TASK INSTRUCTIONS:
For this exercise, copy exactly every line from the one holding "Demon Woman Queen" through the end of the data, both included. Omit pictures.

RAW DATA:
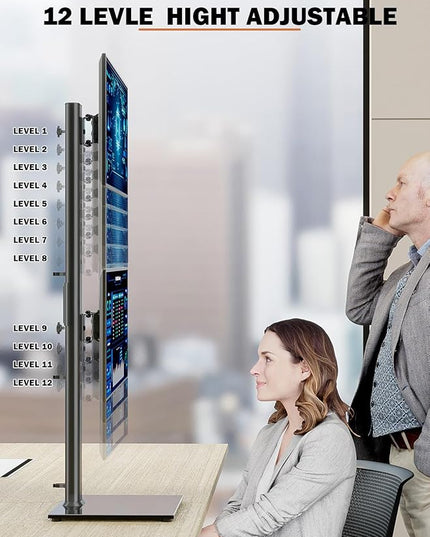 Dual Monitor Stand - Vertical Stack Screen Free-Standing Monitor Riser Fits Two 13 to 34 Inch Screen with Swivel, Tilt, Height Adjustable, Holds One (1) Screen Up to 44Lbs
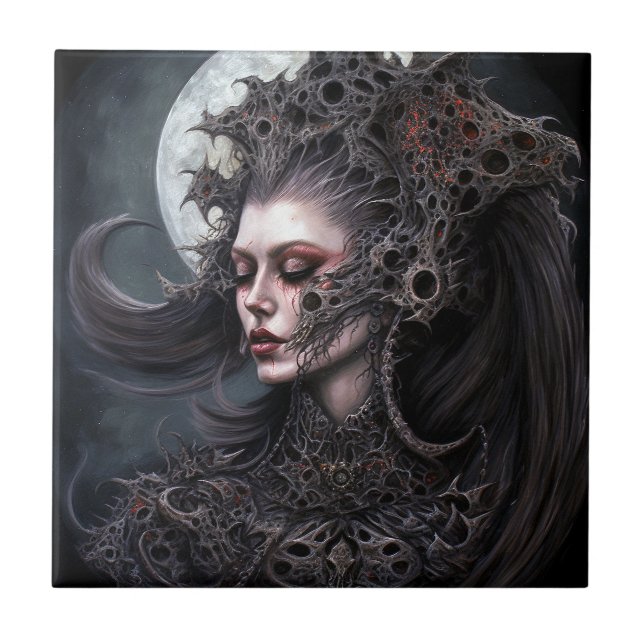 Demon Woman Queen Mörk Fantasy Art Kakelplatta (Framsidan)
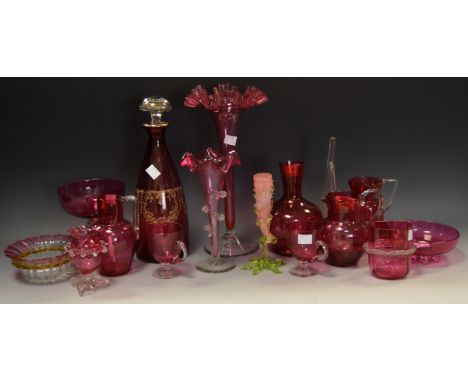 Cranberry Glass  - a Victorian frilled cranberry glass specimen vase; a cranberry glass decanter ; a pair of cranberry glass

ANSWER TO THIS EXERCISE:
 Demon Woman Queen Mörk Fantasy Art Kakelplatta (Framsidan)
 Cranberry Glass  - a Victorian frilled cranberry glass specimen vase; a cranberry glass decanter ; a pair of cranberry glass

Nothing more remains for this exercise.